The important point is that the sorts of behaviours we associate with depression are not signs or symptoms of an underlying brain disease or mental construct that is what depression really is. When we refer to someone as ‘depressed’, even when we do this as psychiatrists in the framework of diagnostic systems like the Diagnostic and Statistical Manual (the DSM), we are not identifying the real nature of their nervous system or mental make-up. We are referring to the sorts of behaviours4 they are displaying, and how we normally interpret these. Depression is just the behaviours that we understand as expressing depression.
The ethnomethodologist Jeff Coulter has written about the characteristics of the expression of psychosis or madness. Coulter explains that madness is attributed when someone acts in a way that is not easily understandable, and breaks unwritten rules of social conduct such as behaving unpredictably, or failing to undertake expected tasks. Following Wittgenstein, Coulter stresses that madness, like other mental states, is recognised and attributed by the community in response to public patterns of behaviour, and is not something hidden that can only be detected by experts 5.
So the important point that Wittgenstein makes is that mental states, including mental disorders like depression or psychosis, are not just, or primarily, private events — whether these are considered as brain events or events in an abstract mind. We recognise and identify these situations through the sorts of behaviours and reactions that people display publicly, and the context in which these occur. Neither brains nor minds are depressed, anxious or psychotic — real people are, in real social situations!
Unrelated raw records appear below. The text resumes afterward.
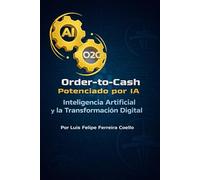 Order-to-Cash Potenciado por IA: Inteligencia Artificial y la Transformación Digital
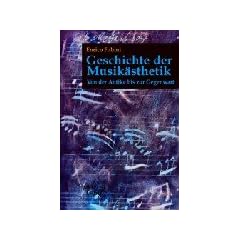 Geschichte der Musik�sthetik. Von der Antike bis zur Gegenwart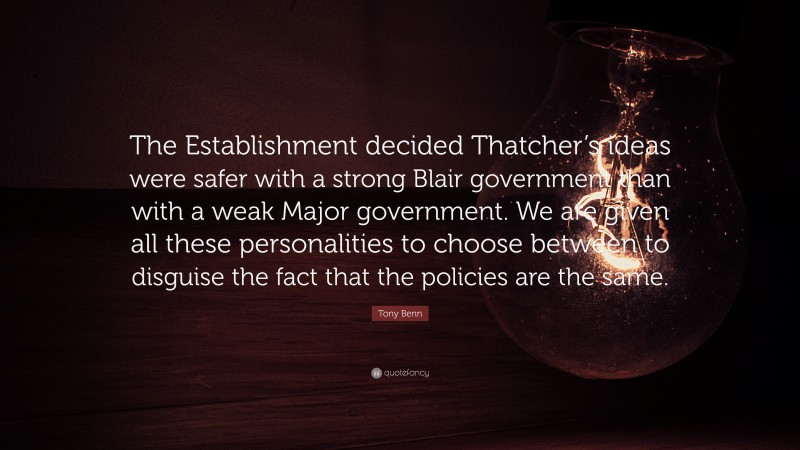 Tony Benn Quote: “The Establishment decided Thatcher’s ideas were safer with a strong Blair government than with a weak Major government. We are given all these personalities to choose between to disguise the fact that the policies are the same.”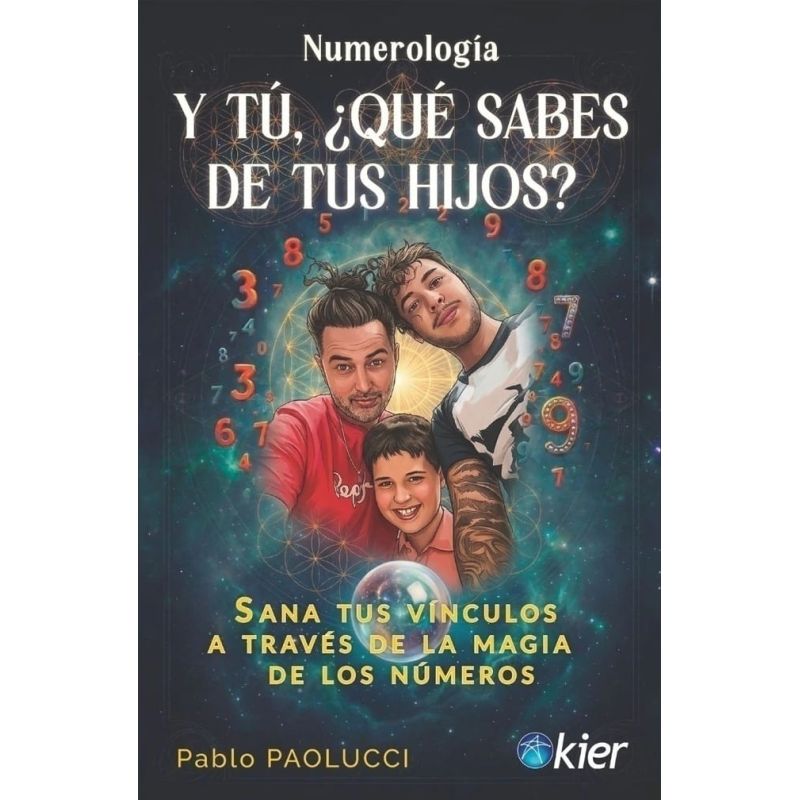 Y TU QUE SABES DE TUS HIJOS ? - SANA TUS VINCULOS A TRAVES DE LA MAGIA DE LOS NUMEROS (Nuevo)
Studying mental disorders as if they are conditions of individual minds or brains therefore misses the point of them. We need to understand them at the social level, as problems that show up in social groups or contexts. Yet our current mental health services are set up to adjust individual brains or minds, as if this could fix the problem. But the problem lies in the interaction of a person’s behaviour with their social environment, which includes the social expectations of how people should behave.
This suggests that sometimes it may be the environment that needs fixing, rather than the individual. Take the example of so-called ‘Attention Deficit Hyperactivity Disorder’. Many people have pointed out that instead of adjusting individual children’s behaviour through brain-modifying chemicals, we should devise an education system that accommodates a wider range of developmental trajectories; one that is better able to cope with children who need more physical activity and stimulation than the average child of their age 6.
Other ‘mental disorders’ also act as barometers that reveal the strains and tensions of our social institutions. If we recognised this, we might be able to imagine other ways to organise society that might render ‘mental disorders’ less prevalent or less problematic.